(Captioned web images)
=== Begin Enclosure ===
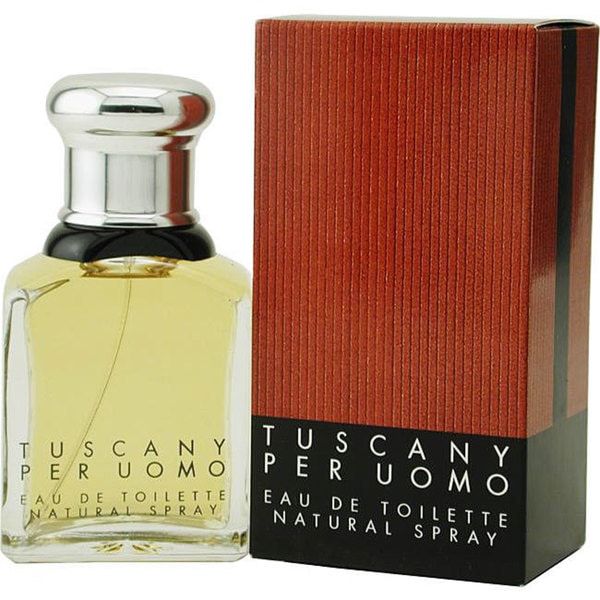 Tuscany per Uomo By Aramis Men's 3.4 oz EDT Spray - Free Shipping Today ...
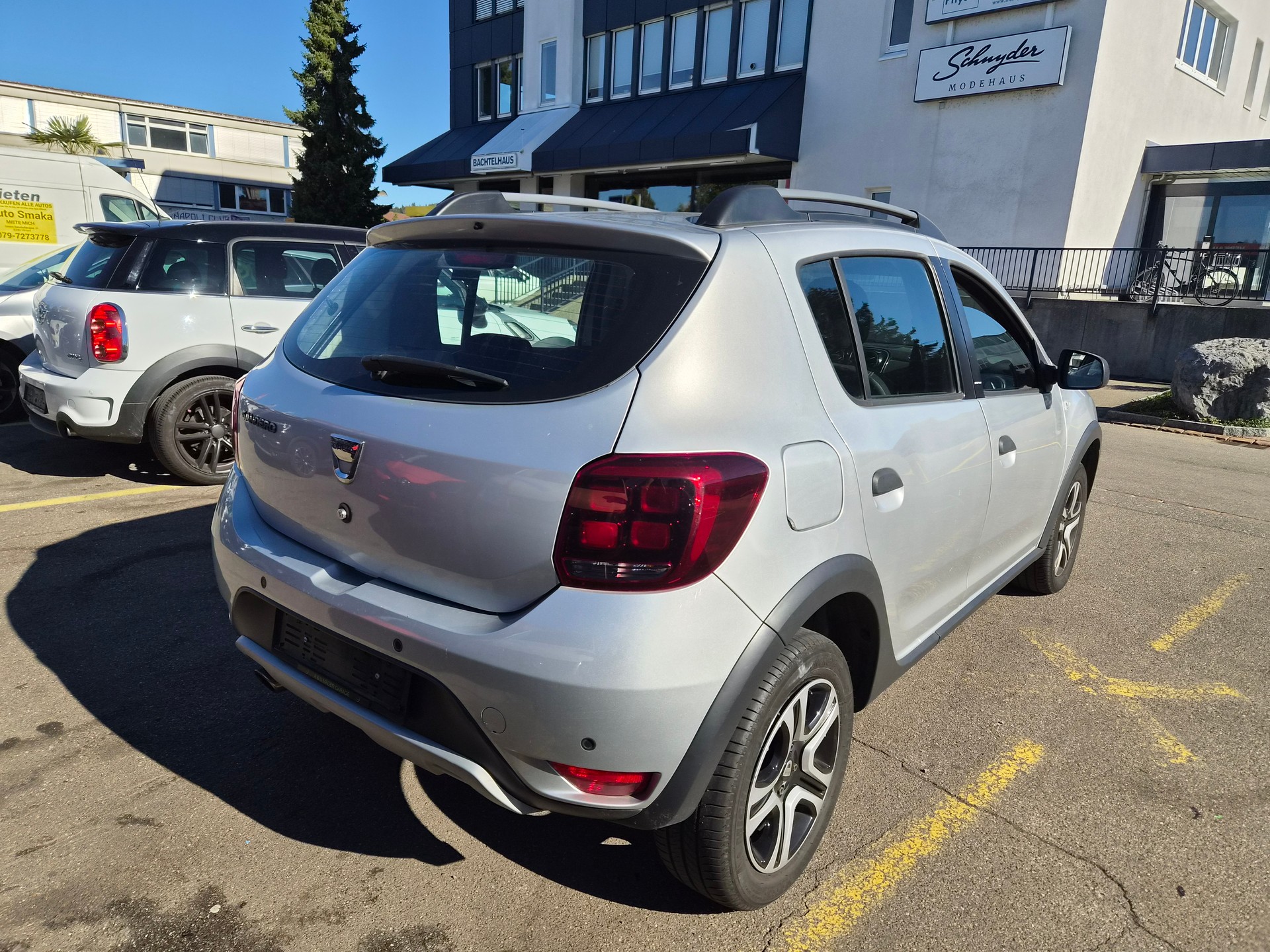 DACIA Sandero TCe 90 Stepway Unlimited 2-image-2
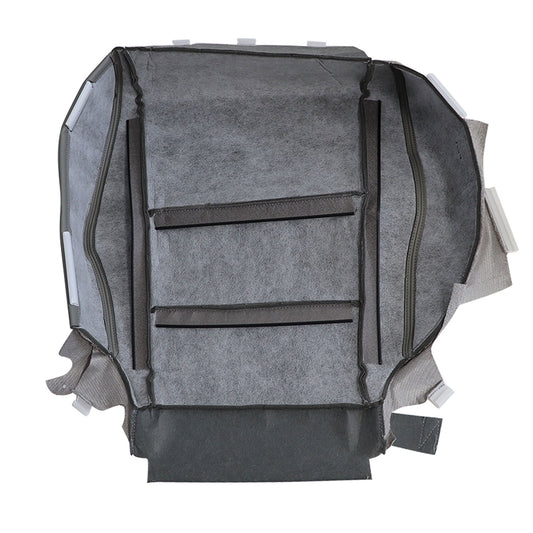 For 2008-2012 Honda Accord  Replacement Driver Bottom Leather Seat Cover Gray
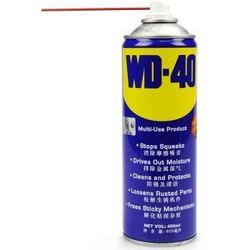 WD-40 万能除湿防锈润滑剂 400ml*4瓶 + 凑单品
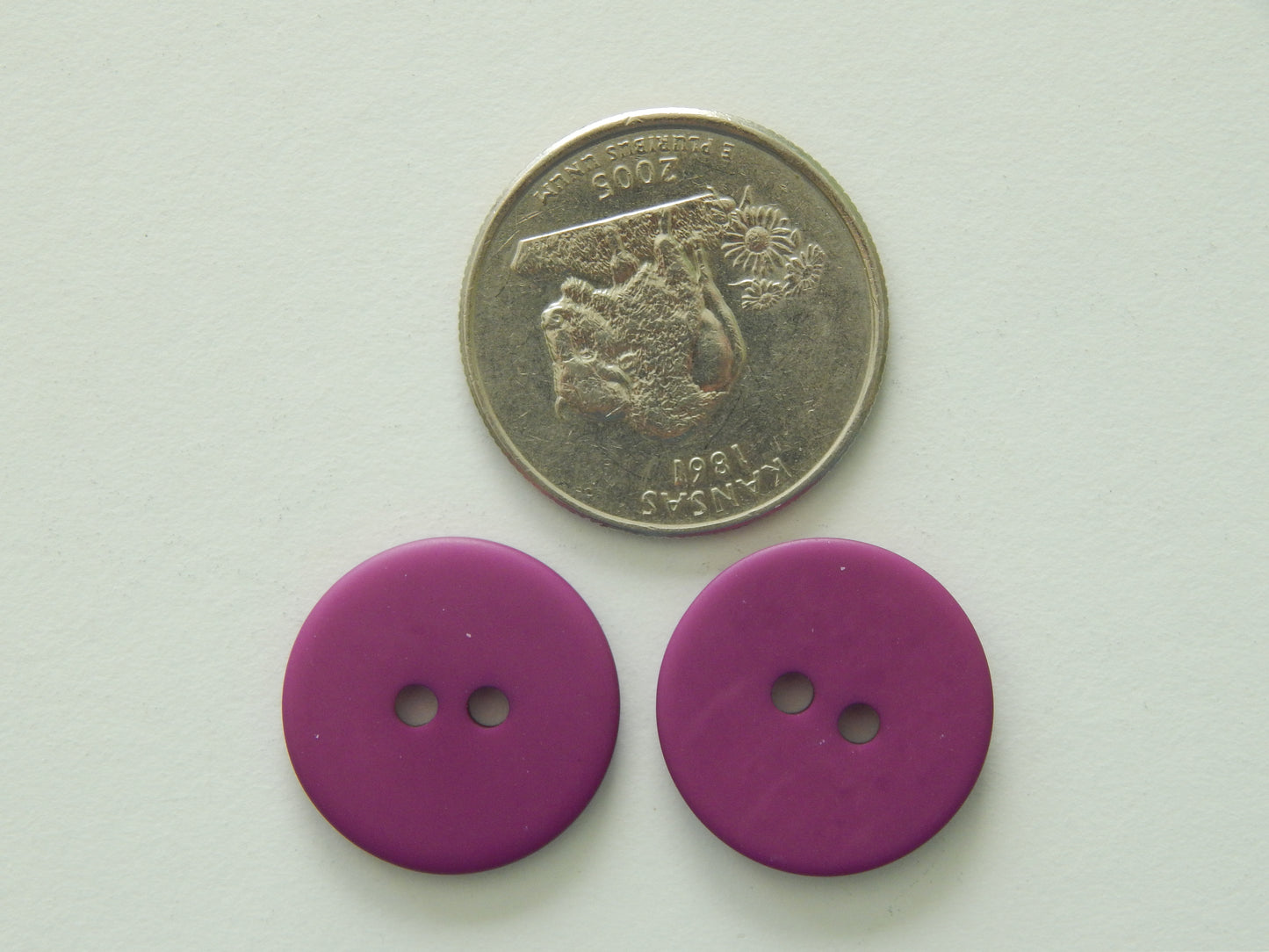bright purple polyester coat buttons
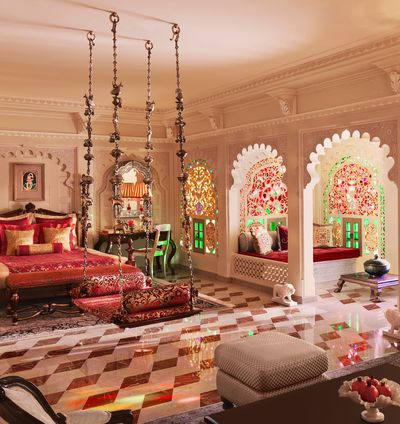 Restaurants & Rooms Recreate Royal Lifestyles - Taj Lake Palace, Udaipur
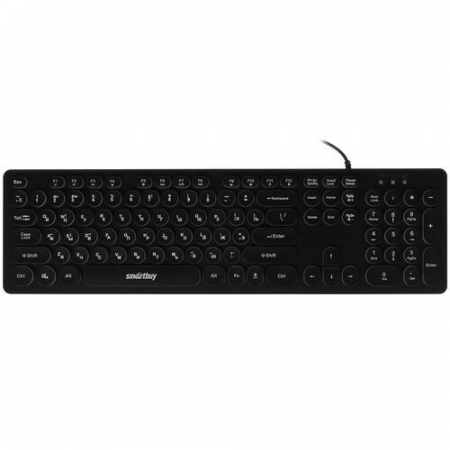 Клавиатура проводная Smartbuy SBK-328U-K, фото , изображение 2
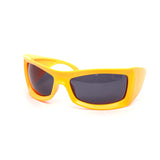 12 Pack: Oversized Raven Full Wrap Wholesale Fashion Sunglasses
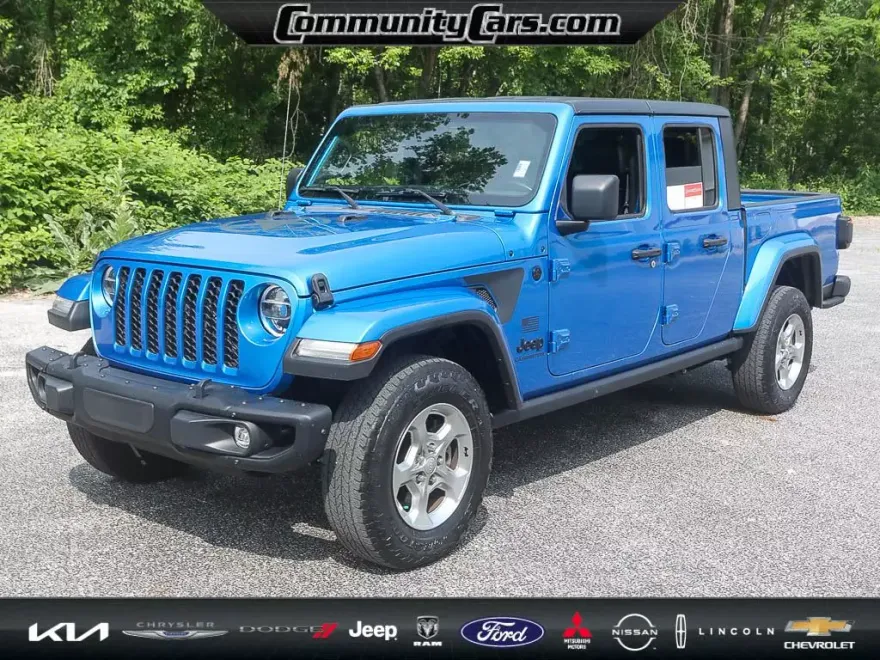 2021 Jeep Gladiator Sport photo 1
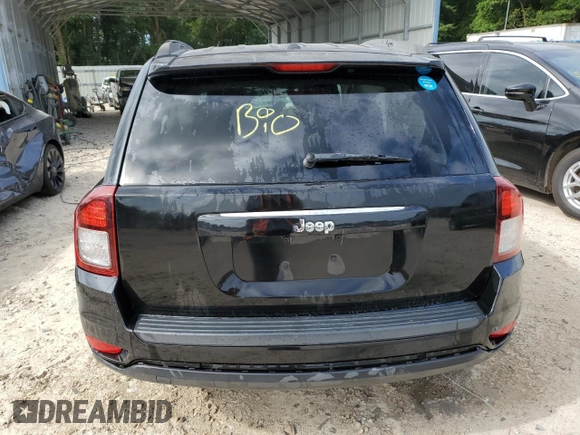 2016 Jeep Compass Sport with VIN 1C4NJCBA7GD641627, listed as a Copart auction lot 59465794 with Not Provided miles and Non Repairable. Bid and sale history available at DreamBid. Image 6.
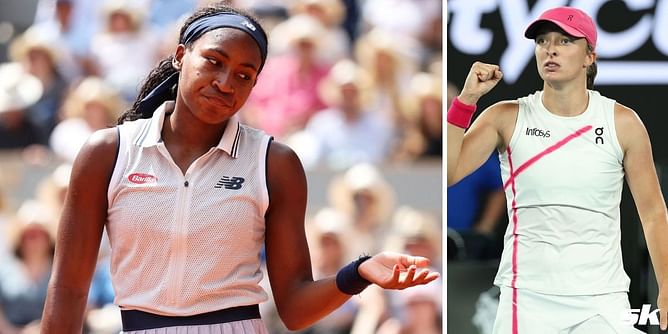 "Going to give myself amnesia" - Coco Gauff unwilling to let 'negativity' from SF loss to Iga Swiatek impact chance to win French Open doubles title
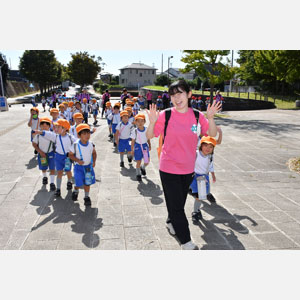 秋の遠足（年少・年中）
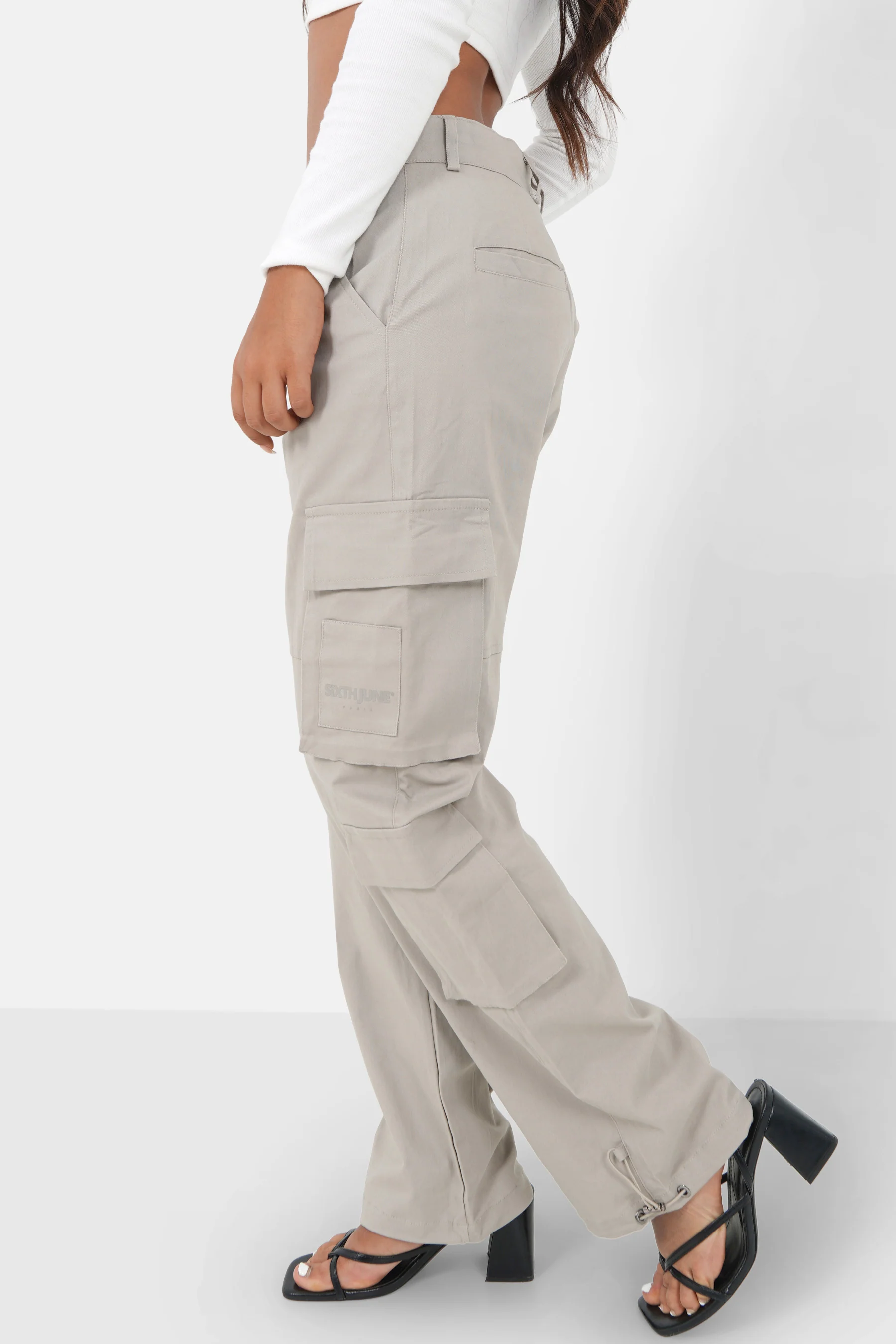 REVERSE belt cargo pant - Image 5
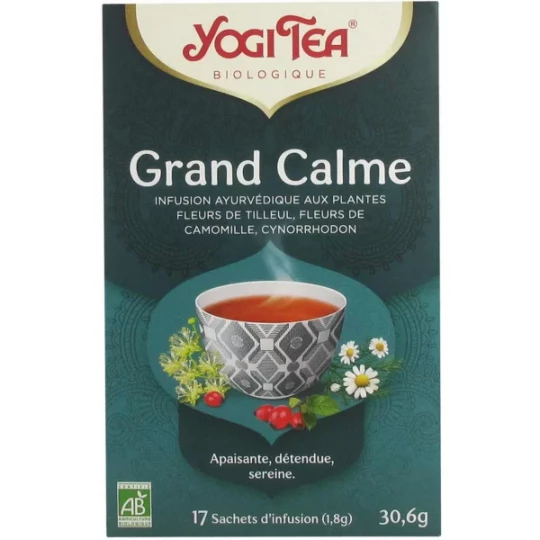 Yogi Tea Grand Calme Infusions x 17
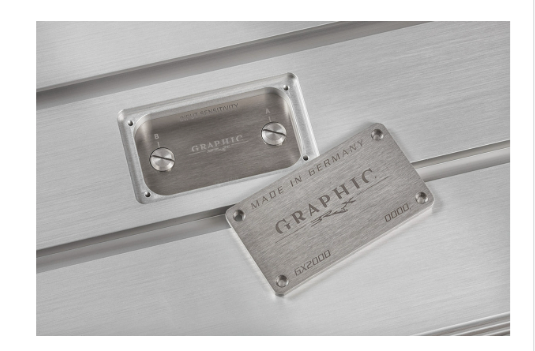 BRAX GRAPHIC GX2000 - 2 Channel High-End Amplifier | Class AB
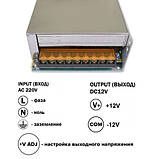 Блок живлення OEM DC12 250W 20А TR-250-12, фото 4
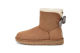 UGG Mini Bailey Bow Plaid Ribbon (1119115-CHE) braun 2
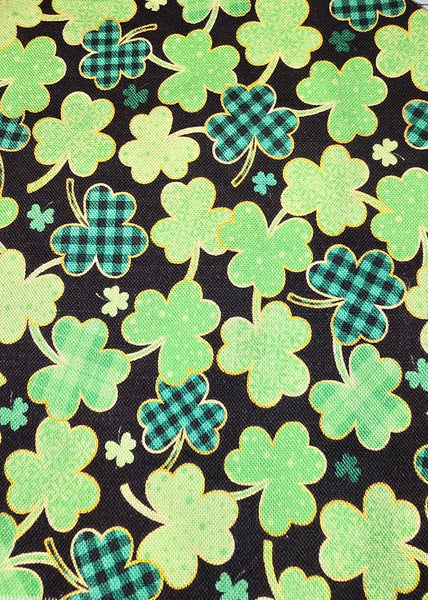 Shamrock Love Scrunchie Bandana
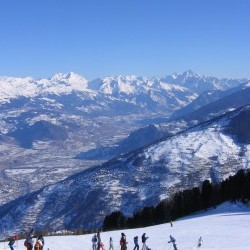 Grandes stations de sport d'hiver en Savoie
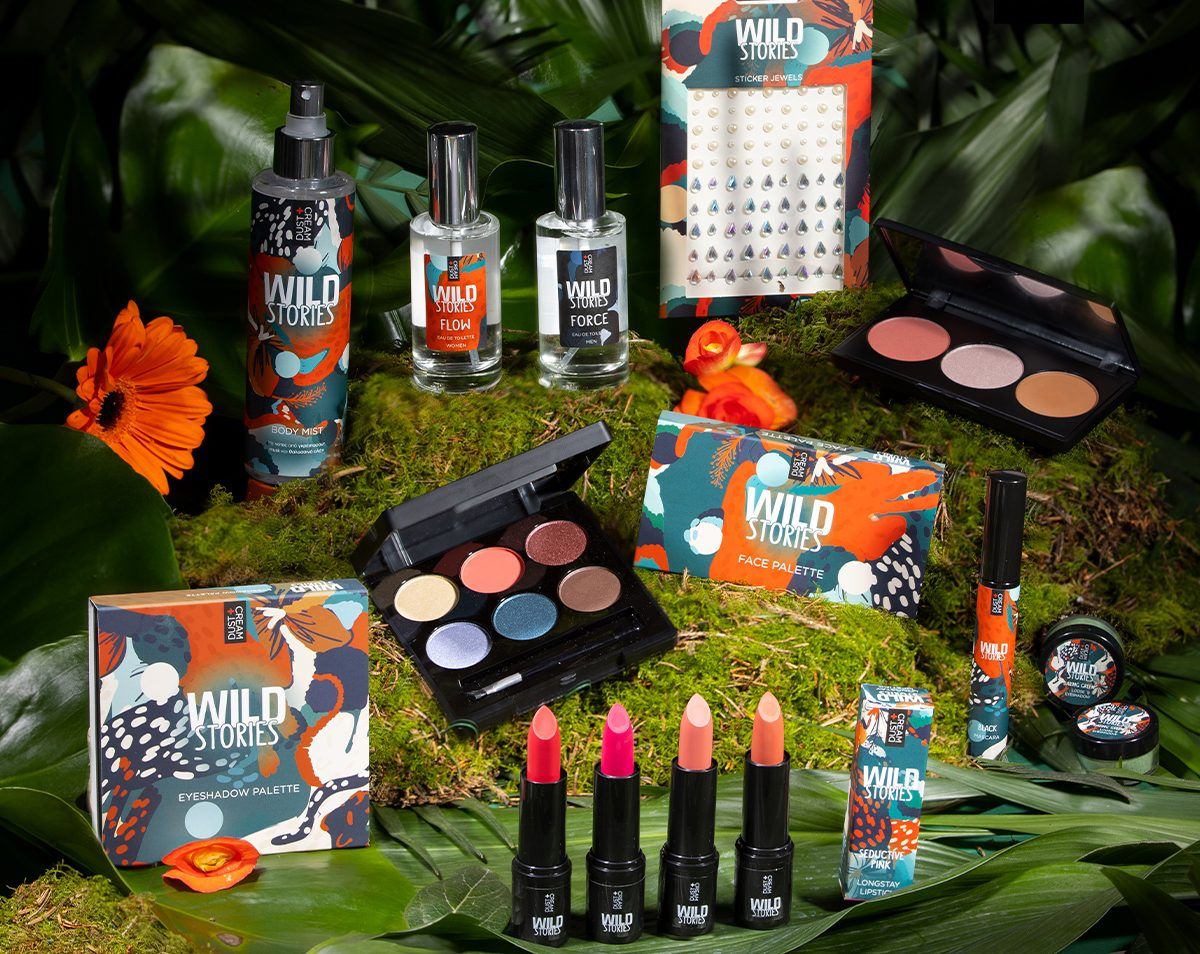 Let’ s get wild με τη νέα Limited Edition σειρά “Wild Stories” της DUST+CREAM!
=== End Enclosure ===
* **What is expected**
The output should consist of the records above, reproduced exactly, without pictures.

* **Answer area**
 Tuscany per Uomo By Aramis Men's 3.4 oz EDT Spray - Free Shipping Today ...
 DACIA Sandero TCe 90 Stepway Unlimited 2-image-2
 For 2008-2012 Honda Accord  Replacement Driver Bottom Leather Seat Cover Gray
 WD-40 万能除湿防锈润滑剂 400ml*4瓶 + 凑单品
bright purple polyester coat buttons
 Restaurants & Rooms Recreate Royal Lifestyles - Taj Lake Palace, Udaipur
 Клавиатура проводная Smartbuy SBK-328U-K, фото , изображение 2
 12 Pack: Oversized Raven Full Wrap Wholesale Fashion Sunglasses
 2021 Jeep Gladiator Sport photo 1
 2016 Jeep Compass Sport with VIN 1C4NJCBA7GD641627, listed as a Copart auction lot 59465794 with Not Provided miles and Non Repairable. Bid and sale history available at DreamBid. Image 6.
 "Going to give myself amnesia" - Coco Gauff unwilling to let 'negativity' from SF loss to Iga Swiatek impact chance to win French Open doubles title
 秋の遠足（年少・年中）
 REVERSE belt cargo pant - Image 5
 Yogi Tea Grand Calme Infusions x 17
 BRAX GRAPHIC GX2000 - 2 Channel High-End Amplifier | Class AB
 Блок живлення OEM DC12 250W 20А TR-250-12, фото 4
 UGG Mini Bailey Bow Plaid Ribbon (1119115-CHE) braun 2
 Shamrock Love Scrunchie Bandana
 Grandes stations de sport d'hiver en Savoie
 Let’ s get wild με τη νέα Limited Edition σειρά “Wild Stories” της DUST+CREAM!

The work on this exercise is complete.